ADVENT DEEL 2
Advent is een Latijns woord dat betekent: KOMST. Meestal wordt het gebruikt voor verwachting, uitzien naar de komst van een belangrijk persoon. Dan kwam er eerst een heraut die de komst van de koning kwam aankondigen en voorbereiden.
Toen de tijd was aangebroken dat Jezus geboren zou worden, zond God zijn engel Gabriël naar twee mensen:
– Zacharias, die de vader zou worden van Johannes de Doper.
– Maria, die de moeder zou worden van Jezus, de Verlosser.
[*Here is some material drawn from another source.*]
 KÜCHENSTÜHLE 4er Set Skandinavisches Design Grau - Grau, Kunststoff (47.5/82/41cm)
Beiden konden nauwelijks geloven wat de engel tegen hen zei. Zacharias ontving een teken dat hij niet meer zou kunnen spreken tot de geboorte van Johannes.
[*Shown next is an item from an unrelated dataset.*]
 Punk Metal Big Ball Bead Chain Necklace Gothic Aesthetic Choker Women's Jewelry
Tegen Maria zei de engel: “Wees niet bang, want God heeft besloten u heel bijzonder te zegenen. U zult zwanger worden en een zoon krijgen, die u de naam Jezus moet geven. Hij zal een groot man zijn en ‘Zoon van de Allerhoogste God’ worden genoemd. God, de Here, zal Hem de troon van zijn voorvader David geven. Hij zal voor altijd over het volk Israël regeren en aan Zijn regering zal geen einde komen.”